Times have changed. Today’s learners are not just consumers of knowledge, but also producers of knowledge. At St Paul’s Primary School, Gateshead, teachers have embraced the general capabilities and contemporary learning skills of collaboration, creativity, critical thinking and communication by making use of the school’s green screen studio, a converted workroom in the library.
A green screen studio is a room with one wall painted green, extra lighting and a tripod for filming. The green screen is an integral part of the special effects process known as chromakey.
Chromakey allows television producers and movie makers to use advanced technology to superimpose their subjects onto an any number of different virtual backgrounds. This is the technique that creates computer-generated special effects movies, enabling superheroes to fly and actors to appear in fantasy worlds.

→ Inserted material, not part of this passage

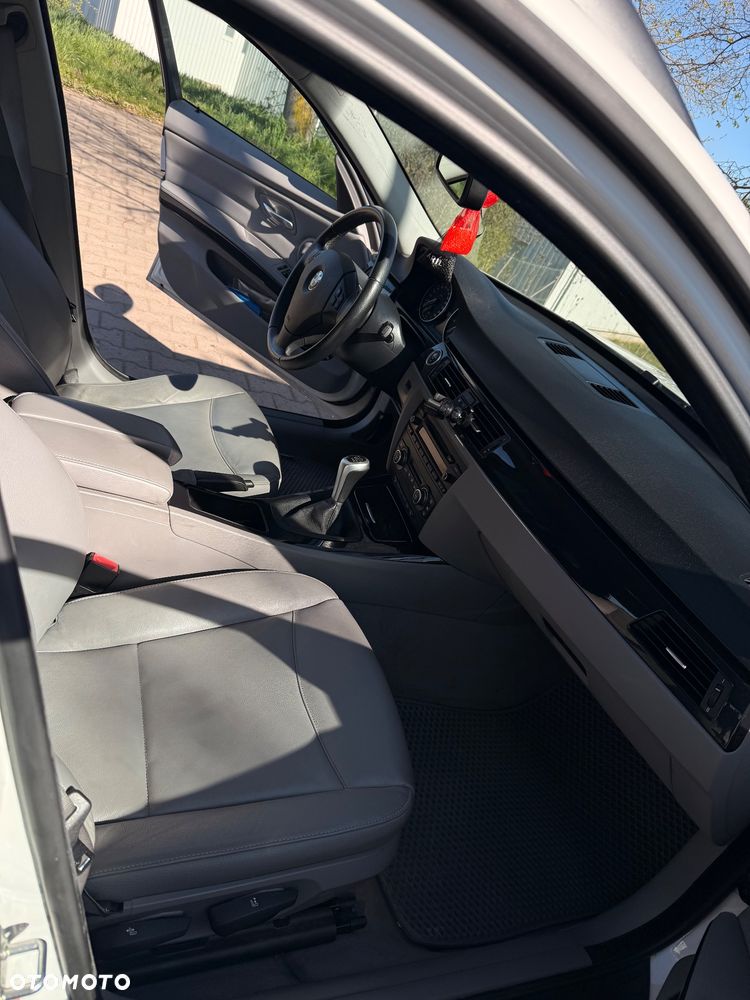 BMW Seria 3 318i - 9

Year 5 students recently used the school’s green screen studio to create information learnt in their current history unit, The Australian Colonies. The students had to “bring to life” significant figures of the colonial times such as bushrangers, governors and gold miners. Year 5 teacher Lauren Bleakley said the green screen allowed students to get into character, collaborate with their peers and express their creativity whilst using their imagination and digital skills.
Filming their final products was the culmination of many hours of explicit instruction, discussion, research, writing and reviewing, both virtually and within the classroom. Having an audience for their learning makes a difference for students.
Once complete, the children uploaded their finished product to Microsoft Teams and Seesaw, which enables their parents and others to view them. Some were selected to be posted on the school’s Facebook page.
Ms Bleakley was very impressed with the children’s final product. “‘The green screen technology added a new and exciting dimension to the classroom that led to high student engagement,” she said.